## PROBLEM DESCRIPTION
Your answer must hold only the lines below from the line containing "Vladimir Putin, Donald Trump" through the line containing "PIAGET Ref.9403 B 56 Lapis Lazuli Dial", each reproduced exactly.

--------------------------------------------------

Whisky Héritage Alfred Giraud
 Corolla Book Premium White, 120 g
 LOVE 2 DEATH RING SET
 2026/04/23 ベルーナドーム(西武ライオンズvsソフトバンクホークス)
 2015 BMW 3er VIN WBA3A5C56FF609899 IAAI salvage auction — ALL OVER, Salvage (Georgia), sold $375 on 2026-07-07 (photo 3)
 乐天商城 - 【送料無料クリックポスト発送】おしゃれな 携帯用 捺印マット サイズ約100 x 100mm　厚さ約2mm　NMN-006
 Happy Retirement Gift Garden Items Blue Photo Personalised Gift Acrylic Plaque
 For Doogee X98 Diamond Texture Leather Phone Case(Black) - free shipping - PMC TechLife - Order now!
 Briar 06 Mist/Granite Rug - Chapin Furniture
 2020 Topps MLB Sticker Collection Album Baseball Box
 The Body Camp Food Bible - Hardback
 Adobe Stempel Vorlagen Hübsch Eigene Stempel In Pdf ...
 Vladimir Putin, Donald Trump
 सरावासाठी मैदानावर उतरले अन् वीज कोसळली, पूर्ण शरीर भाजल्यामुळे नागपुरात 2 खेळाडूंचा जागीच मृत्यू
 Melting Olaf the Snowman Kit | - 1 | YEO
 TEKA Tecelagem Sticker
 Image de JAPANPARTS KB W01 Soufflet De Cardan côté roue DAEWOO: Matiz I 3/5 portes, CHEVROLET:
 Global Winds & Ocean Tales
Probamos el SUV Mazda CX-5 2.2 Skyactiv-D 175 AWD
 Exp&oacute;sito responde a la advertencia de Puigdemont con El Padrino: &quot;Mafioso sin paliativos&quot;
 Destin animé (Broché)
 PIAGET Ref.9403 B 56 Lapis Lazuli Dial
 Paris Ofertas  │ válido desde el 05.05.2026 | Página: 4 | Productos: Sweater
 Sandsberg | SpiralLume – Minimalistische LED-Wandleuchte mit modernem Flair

--------------------------------------------------

## ANSWER TO THIS TASK
 Vladimir Putin, Donald Trump
 सरावासाठी मैदानावर उतरले अन् वीज कोसळली, पूर्ण शरीर भाजल्यामुळे नागपुरात 2 खेळाडूंचा जागीच मृत्यू
 Melting Olaf the Snowman Kit | - 1 | YEO
 TEKA Tecelagem Sticker
 Image de JAPANPARTS KB W01 Soufflet De Cardan côté roue DAEWOO: Matiz I 3/5 portes, CHEVROLET:
 Global Winds & Ocean Tales
Probamos el SUV Mazda CX-5 2.2 Skyactiv-D 175 AWD
 Exp&oacute;sito responde a la advertencia de Puigdemont con El Padrino: &quot;Mafioso sin paliativos&quot;
 Destin animé (Broché)
 PIAGET Ref.9403 B 56 Lapis Lazuli Dial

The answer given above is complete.